INFORMATION SHOWN
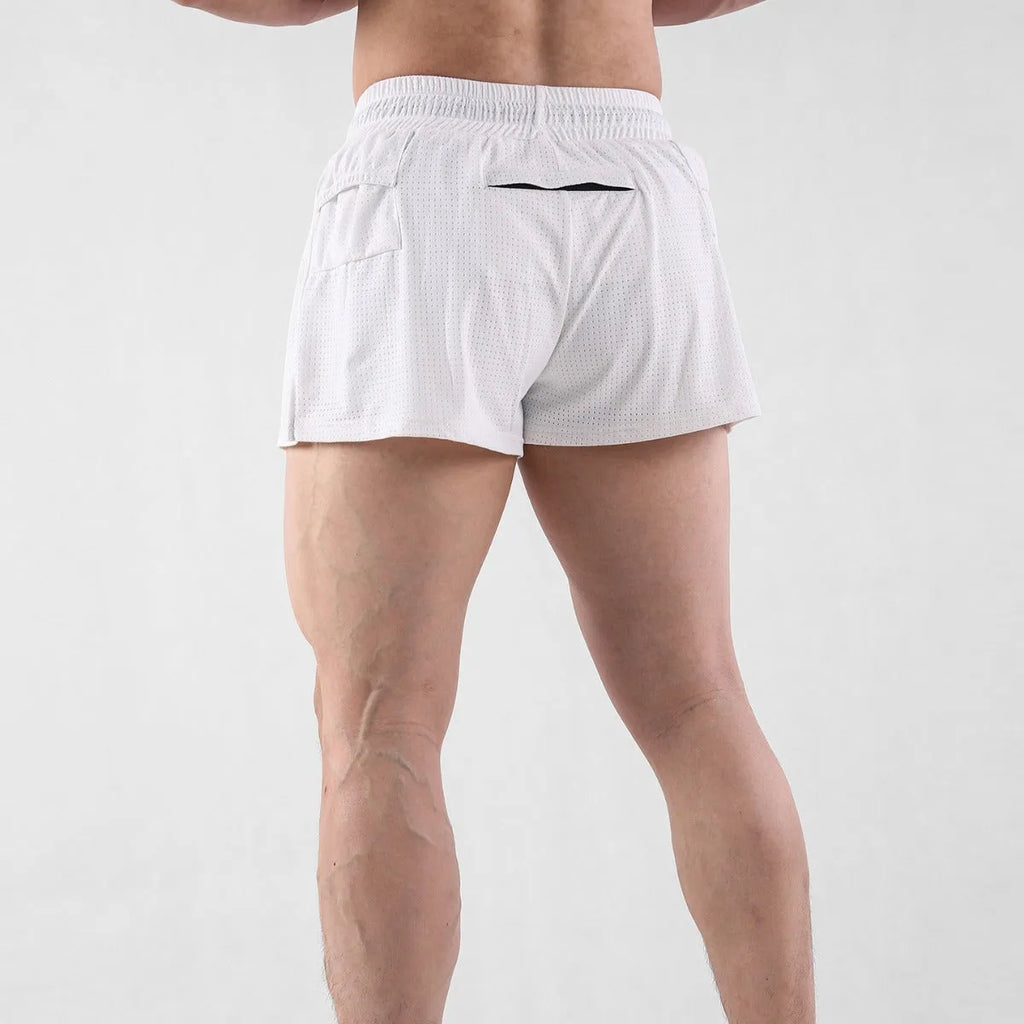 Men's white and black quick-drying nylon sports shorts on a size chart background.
...
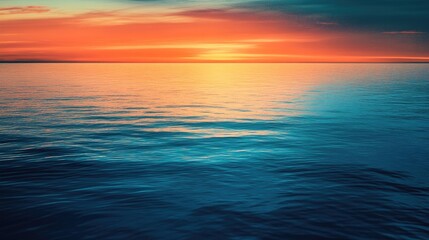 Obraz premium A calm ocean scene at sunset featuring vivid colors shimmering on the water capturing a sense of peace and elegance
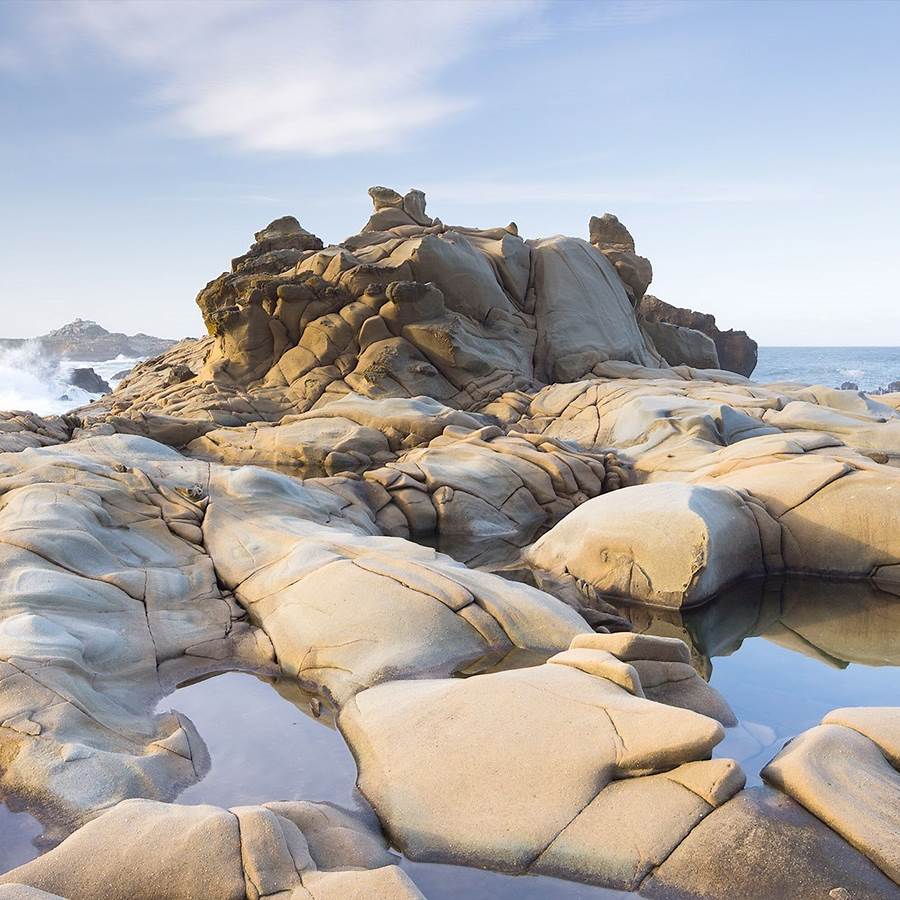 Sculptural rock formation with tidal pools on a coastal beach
--
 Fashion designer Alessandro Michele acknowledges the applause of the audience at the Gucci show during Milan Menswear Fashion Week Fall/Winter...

TASK TO CARRY OUT
What you write out is the stretch of entries from the line containing "Obraz premium A" to the line containing "Sculptural rock formation", word for word, with both end lines and no pictures.

EXPECTED OUTPUT
 Obraz premium A calm ocean scene at sunset featuring vivid colors shimmering on the water capturing a sense of peace and elegance
 Sculptural rock formation with tidal pools on a coastal beach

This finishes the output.